[[ The data, beginning ]]

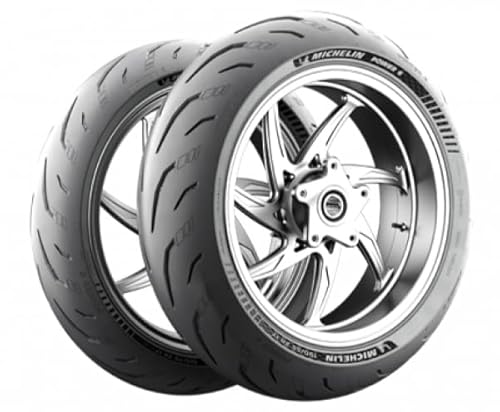 Michelin Power 6 Reifen 190/55-17 75W von MICHELIN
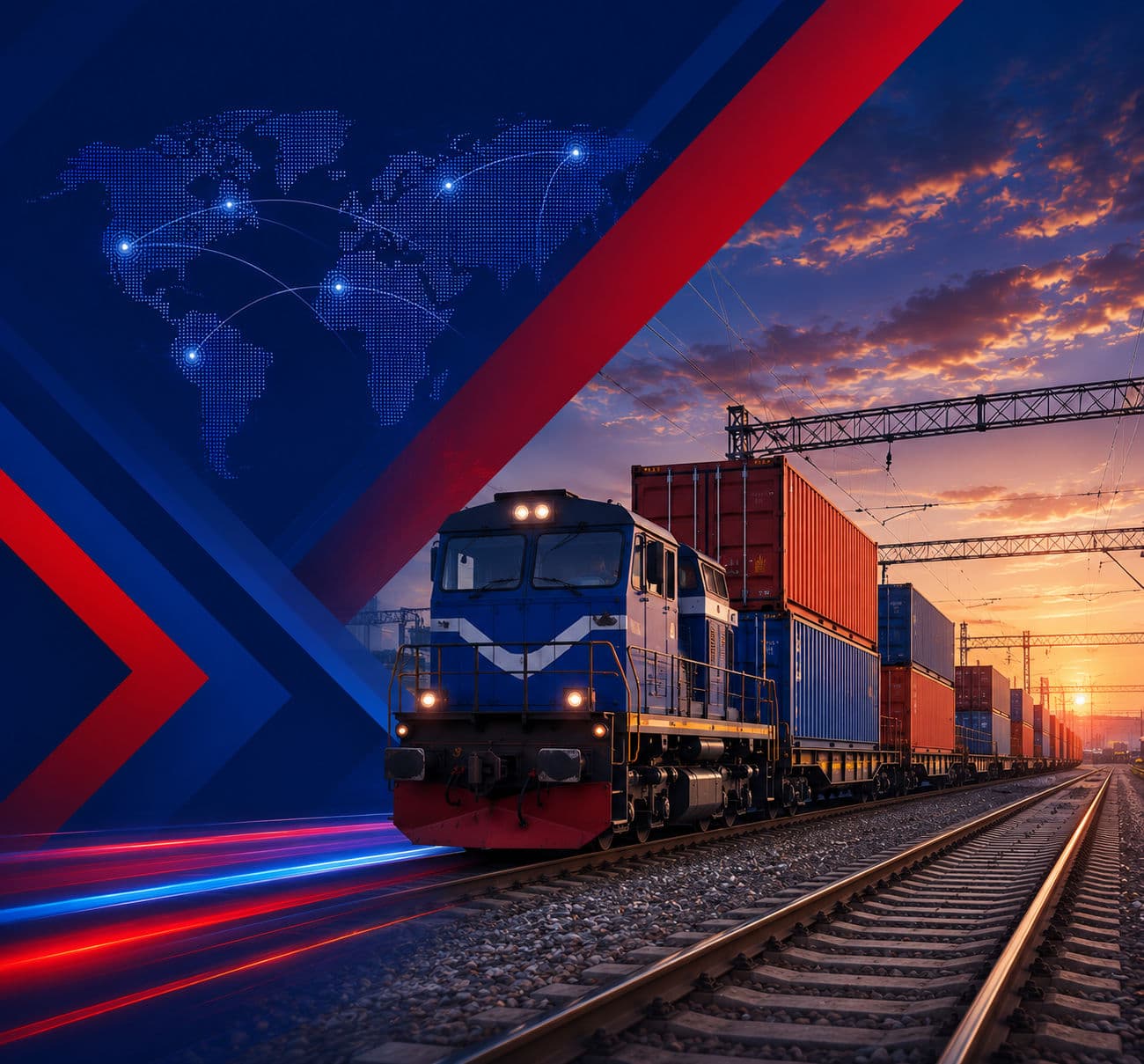 Rail Freight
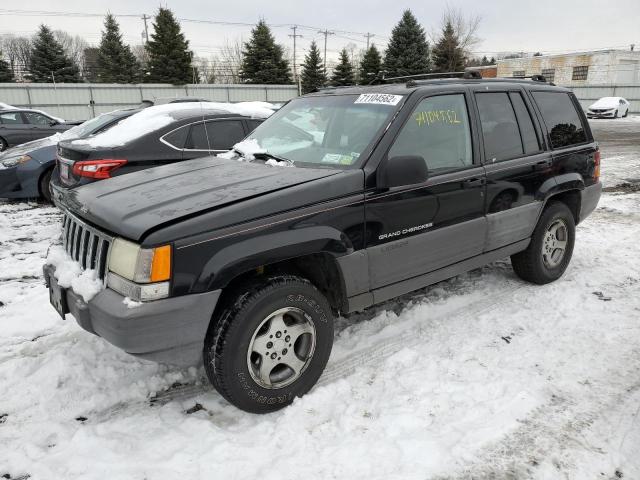 Photo 1 from auction – 1996 JEEP GRAND CHER with VIN 1J4FX58SXTC342271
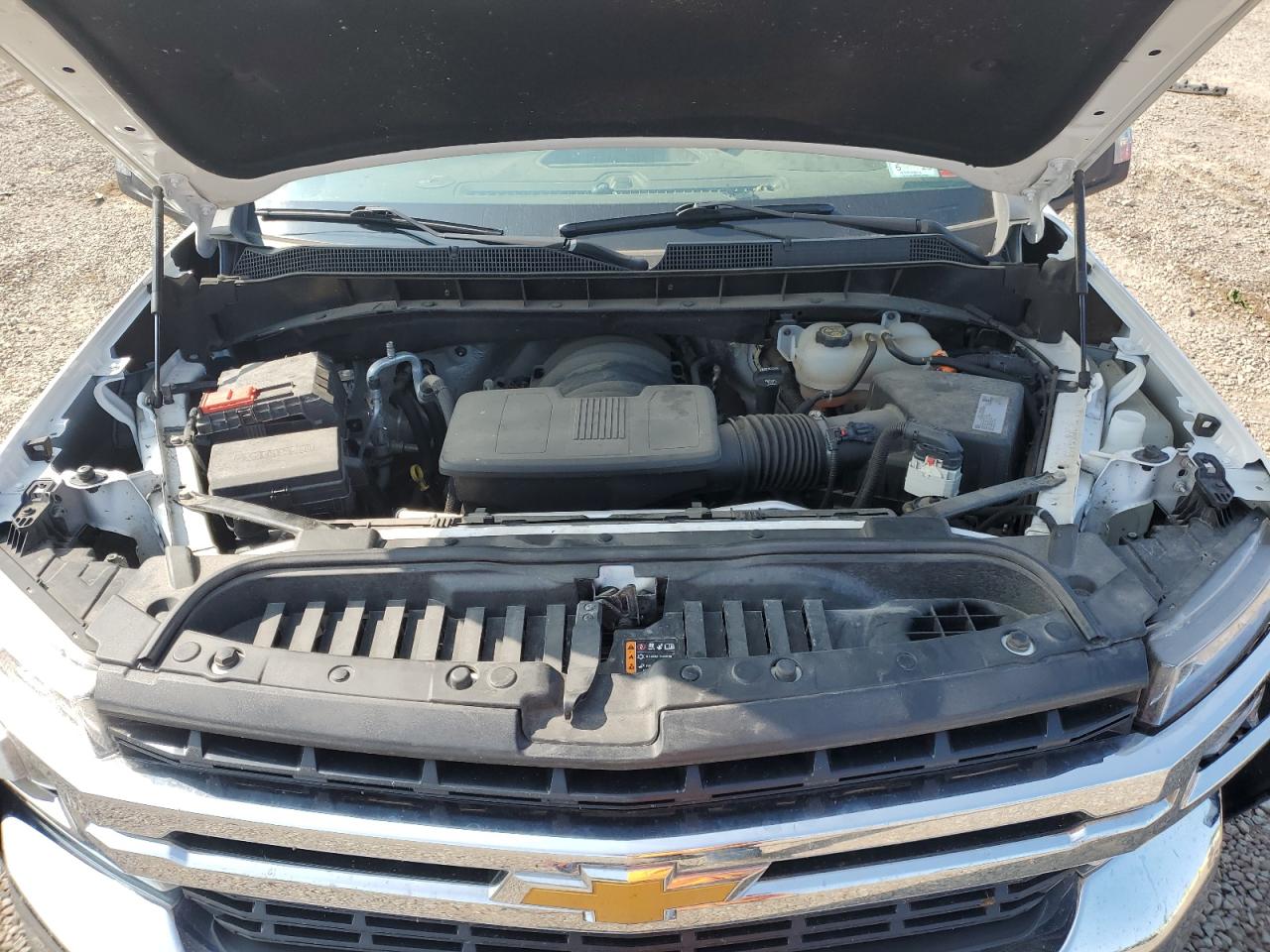 2021 Chevrolet Silverado K1500 Lt VIN: 1GCRYDED1MZ308878 Lot: 63780304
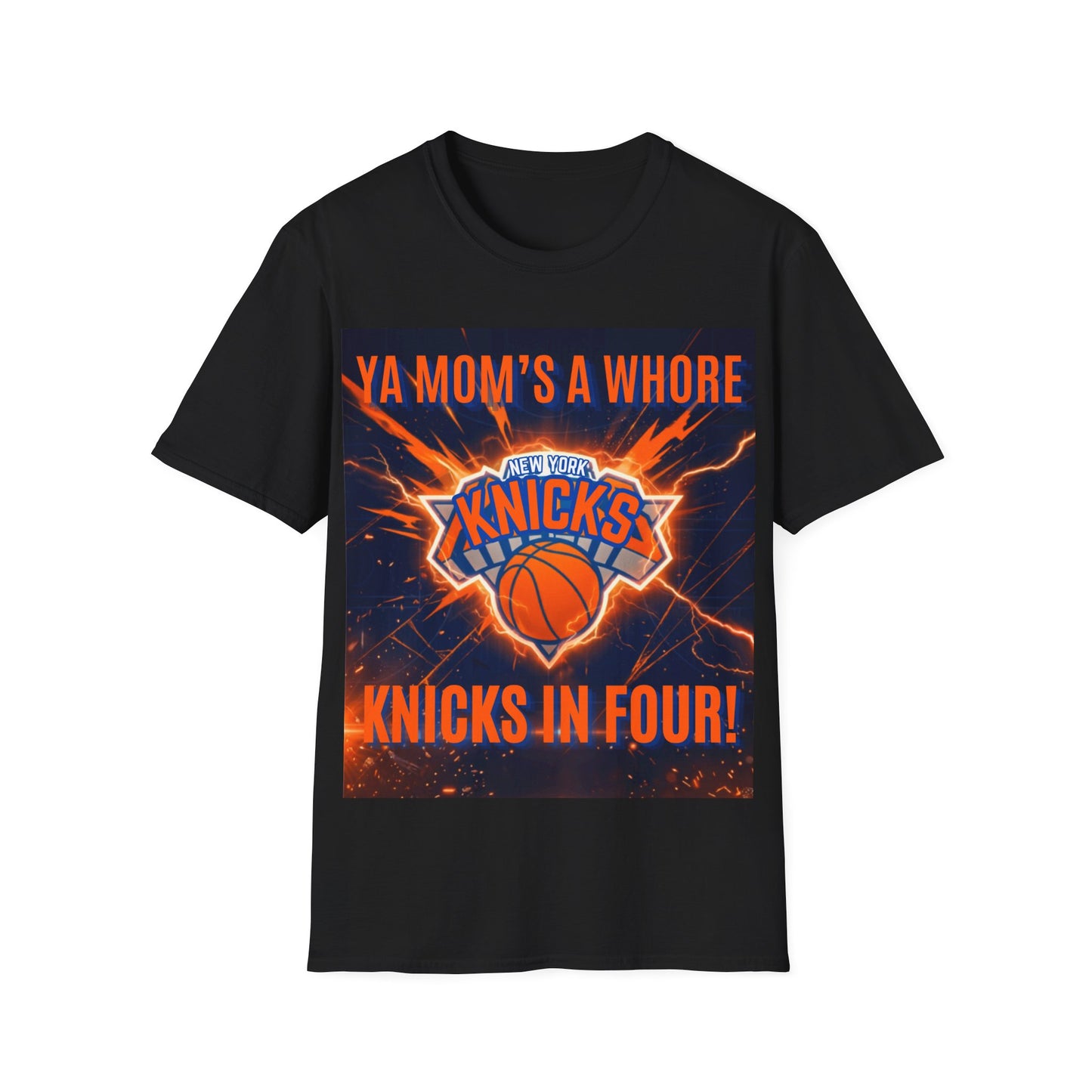 IN 4 Unisex Softstyle T-Shirt
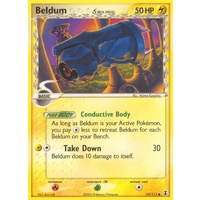 Beldum (Delta Species) 59/113 EX Delta Species Common Pokemon Card NEAR MINT TCG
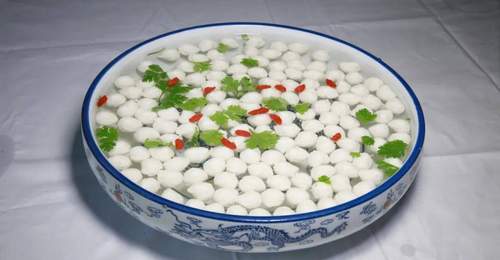 非遗美食之山东——南仇捶击丸子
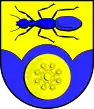 Coat of arms of Brekendorf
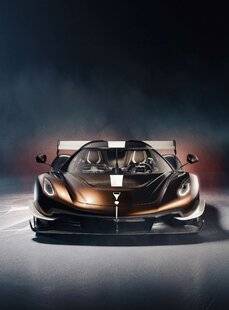 Sport Auto 764 Le bon canasson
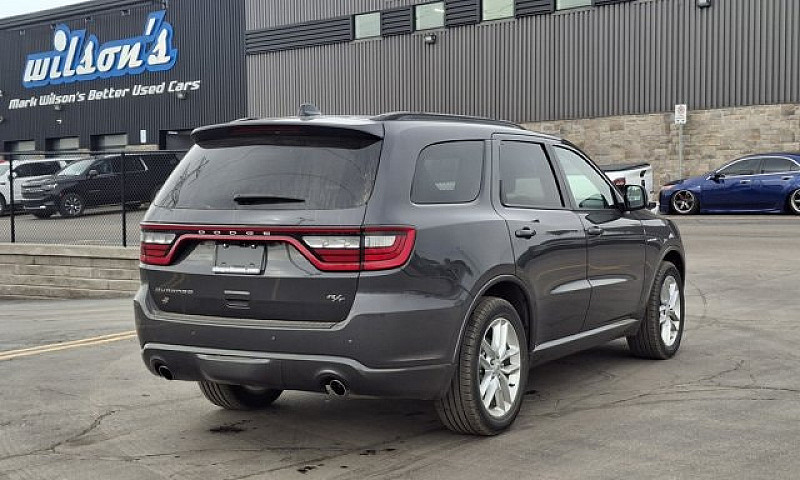 2025 Dodge Durango R...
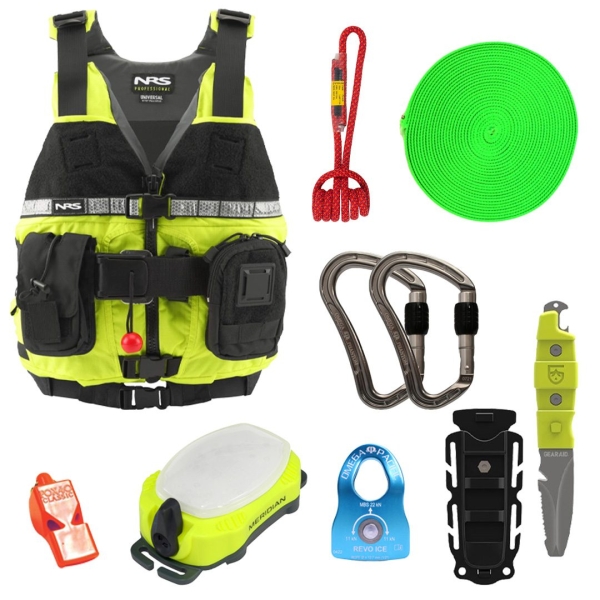 RNR Class V Fully Loaded Technician PFD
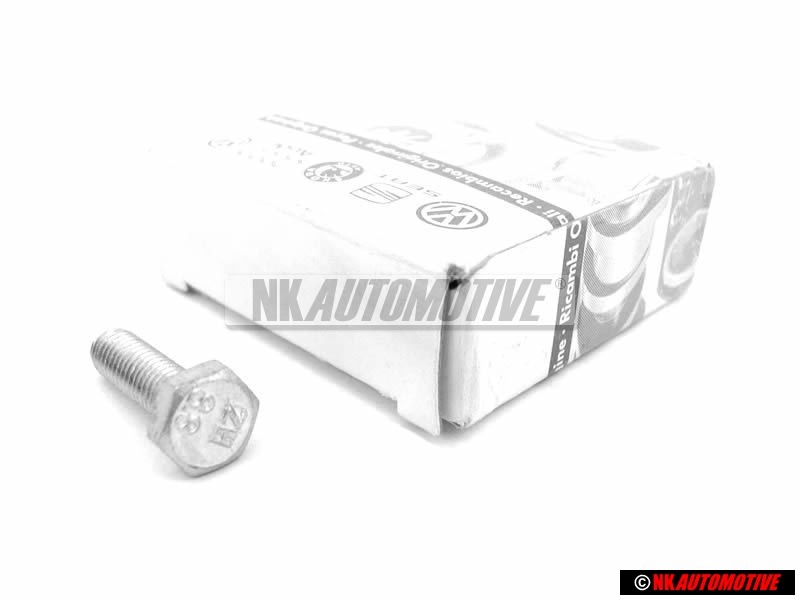 VW Original Tornillo Hexagonal - N 01021710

[[ The data, end ]]

**What to work on**
Please retype the lines from the one that contains "Beldum (Delta Species)" to the final line of the records, both included, exactly as written and without any pictures.

**Task output**
 Beldum (Delta Species) 59/113 EX Delta Species Common Pokemon Card NEAR MINT TCG
 非遗美食之山东——南仇捶击丸子
 Coat of arms of Brekendorf
 Sport Auto 764 Le bon canasson
 2025 Dodge Durango R...
 RNR Class V Fully Loaded Technician PFD
 VW Original Tornillo Hexagonal - N 01021710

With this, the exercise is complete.